→ The problem
In the records that follow, locate every line with "Advert" and extract it.

→ Material for this exercise

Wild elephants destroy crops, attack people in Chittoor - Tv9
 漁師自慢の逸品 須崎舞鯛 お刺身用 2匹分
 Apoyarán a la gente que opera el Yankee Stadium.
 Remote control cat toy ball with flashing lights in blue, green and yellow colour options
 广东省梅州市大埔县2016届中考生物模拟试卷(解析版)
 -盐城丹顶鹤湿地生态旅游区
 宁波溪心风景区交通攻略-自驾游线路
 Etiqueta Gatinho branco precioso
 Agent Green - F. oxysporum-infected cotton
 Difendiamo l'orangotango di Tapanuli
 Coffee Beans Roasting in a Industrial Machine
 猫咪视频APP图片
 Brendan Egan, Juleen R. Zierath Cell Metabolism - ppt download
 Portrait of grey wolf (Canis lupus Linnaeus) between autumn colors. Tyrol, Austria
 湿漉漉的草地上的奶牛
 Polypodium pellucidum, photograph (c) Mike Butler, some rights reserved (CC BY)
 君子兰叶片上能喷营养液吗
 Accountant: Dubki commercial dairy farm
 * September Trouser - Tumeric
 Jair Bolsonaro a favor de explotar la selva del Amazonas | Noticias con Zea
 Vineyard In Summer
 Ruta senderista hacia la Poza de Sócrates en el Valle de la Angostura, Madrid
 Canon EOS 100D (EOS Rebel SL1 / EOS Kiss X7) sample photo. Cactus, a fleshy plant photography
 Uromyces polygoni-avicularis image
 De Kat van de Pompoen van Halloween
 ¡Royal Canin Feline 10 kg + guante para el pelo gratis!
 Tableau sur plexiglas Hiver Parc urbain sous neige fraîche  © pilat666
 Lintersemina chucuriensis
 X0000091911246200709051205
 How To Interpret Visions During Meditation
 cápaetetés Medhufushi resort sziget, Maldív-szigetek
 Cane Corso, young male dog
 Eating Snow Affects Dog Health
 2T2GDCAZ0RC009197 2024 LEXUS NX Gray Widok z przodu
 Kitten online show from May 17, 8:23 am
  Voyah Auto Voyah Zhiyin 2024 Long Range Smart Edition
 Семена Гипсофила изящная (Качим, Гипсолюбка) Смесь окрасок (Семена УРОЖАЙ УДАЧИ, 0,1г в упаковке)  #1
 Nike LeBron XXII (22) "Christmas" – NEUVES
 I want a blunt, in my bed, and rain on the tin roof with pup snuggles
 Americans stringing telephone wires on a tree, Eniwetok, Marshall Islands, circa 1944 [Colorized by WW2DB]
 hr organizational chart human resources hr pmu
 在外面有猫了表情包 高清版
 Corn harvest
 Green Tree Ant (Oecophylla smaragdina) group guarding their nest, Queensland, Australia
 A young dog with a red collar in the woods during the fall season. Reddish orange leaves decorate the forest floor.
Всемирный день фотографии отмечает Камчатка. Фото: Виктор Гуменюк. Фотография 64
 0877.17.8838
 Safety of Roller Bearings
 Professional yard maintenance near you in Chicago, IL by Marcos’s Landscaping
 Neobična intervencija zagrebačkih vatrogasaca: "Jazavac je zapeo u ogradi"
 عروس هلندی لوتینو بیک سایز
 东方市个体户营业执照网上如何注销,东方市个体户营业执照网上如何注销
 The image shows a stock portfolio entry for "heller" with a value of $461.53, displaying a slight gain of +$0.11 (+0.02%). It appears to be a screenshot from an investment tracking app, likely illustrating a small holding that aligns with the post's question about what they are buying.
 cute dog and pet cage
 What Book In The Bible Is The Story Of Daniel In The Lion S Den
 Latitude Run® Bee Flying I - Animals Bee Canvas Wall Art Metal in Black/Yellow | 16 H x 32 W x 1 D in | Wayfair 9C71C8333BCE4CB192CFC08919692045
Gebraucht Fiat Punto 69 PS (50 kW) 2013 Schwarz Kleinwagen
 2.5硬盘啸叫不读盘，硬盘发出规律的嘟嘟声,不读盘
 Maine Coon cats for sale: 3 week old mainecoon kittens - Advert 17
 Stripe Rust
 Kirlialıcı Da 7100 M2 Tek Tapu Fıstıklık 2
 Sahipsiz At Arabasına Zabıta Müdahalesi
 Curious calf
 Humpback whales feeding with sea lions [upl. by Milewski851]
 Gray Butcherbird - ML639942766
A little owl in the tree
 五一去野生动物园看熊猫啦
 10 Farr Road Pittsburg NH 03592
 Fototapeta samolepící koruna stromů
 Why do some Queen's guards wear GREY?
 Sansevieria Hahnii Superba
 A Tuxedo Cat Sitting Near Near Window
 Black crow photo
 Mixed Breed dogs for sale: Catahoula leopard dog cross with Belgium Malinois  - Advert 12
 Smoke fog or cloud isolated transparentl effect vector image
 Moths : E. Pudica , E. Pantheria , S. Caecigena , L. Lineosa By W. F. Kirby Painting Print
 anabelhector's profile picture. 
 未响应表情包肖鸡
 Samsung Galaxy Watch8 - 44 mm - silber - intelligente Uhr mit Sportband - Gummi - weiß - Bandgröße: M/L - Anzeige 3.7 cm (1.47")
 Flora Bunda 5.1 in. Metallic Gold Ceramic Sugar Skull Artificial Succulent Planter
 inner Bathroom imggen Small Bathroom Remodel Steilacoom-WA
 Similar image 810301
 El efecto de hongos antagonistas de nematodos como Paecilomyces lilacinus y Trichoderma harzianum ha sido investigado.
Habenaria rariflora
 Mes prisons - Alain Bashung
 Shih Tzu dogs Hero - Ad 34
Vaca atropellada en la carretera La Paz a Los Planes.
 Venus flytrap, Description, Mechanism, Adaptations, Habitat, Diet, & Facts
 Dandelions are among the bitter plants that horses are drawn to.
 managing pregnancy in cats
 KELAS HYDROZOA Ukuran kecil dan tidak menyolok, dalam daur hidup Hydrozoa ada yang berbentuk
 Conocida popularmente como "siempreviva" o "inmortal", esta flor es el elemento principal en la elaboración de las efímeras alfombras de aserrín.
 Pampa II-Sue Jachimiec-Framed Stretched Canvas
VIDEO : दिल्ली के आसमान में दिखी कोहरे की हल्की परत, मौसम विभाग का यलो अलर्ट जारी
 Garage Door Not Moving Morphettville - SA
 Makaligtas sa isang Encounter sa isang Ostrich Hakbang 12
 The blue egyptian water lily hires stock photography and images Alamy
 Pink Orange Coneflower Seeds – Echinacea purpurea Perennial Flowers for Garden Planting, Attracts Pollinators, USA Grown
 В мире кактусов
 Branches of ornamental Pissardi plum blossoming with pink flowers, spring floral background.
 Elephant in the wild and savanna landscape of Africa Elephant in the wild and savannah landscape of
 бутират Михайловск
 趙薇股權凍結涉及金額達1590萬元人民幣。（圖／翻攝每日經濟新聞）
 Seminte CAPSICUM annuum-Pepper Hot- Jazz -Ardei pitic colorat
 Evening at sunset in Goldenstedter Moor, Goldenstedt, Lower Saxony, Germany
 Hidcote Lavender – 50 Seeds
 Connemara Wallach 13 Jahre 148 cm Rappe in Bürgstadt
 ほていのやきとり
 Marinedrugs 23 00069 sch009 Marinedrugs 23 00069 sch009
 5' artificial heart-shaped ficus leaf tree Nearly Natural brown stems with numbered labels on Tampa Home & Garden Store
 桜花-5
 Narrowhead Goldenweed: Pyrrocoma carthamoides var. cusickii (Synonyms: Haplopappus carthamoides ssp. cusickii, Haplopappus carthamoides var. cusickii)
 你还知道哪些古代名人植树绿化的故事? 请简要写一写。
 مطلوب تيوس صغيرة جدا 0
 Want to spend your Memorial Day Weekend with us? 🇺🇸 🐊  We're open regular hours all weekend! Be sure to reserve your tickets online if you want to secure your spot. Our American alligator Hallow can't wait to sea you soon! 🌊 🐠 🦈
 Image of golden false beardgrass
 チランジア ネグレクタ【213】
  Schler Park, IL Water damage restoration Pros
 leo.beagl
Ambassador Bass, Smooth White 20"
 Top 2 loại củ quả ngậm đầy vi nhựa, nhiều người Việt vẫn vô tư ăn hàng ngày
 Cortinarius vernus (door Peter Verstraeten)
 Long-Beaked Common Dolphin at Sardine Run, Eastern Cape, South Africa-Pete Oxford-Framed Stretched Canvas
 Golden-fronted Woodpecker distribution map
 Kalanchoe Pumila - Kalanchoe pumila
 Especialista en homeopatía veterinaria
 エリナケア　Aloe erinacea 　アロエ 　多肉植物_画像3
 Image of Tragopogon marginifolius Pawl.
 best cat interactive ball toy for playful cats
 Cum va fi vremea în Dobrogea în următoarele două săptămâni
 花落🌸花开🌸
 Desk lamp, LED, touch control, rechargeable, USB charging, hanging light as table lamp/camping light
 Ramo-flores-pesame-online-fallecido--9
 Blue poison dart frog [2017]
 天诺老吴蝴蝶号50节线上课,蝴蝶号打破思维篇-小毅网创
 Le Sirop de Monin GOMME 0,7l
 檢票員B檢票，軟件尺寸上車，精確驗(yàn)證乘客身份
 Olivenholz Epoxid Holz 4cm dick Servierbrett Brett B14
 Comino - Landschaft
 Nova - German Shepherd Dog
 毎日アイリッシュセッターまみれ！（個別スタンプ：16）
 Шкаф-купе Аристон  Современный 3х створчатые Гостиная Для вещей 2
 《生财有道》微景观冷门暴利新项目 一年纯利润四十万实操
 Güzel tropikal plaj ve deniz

→ Response to the task
 Maine Coon cats for sale: 3 week old mainecoon kittens - Advert 17
 Mixed Breed dogs for sale: Catahoula leopard dog cross with Belgium Malinois  - Advert 12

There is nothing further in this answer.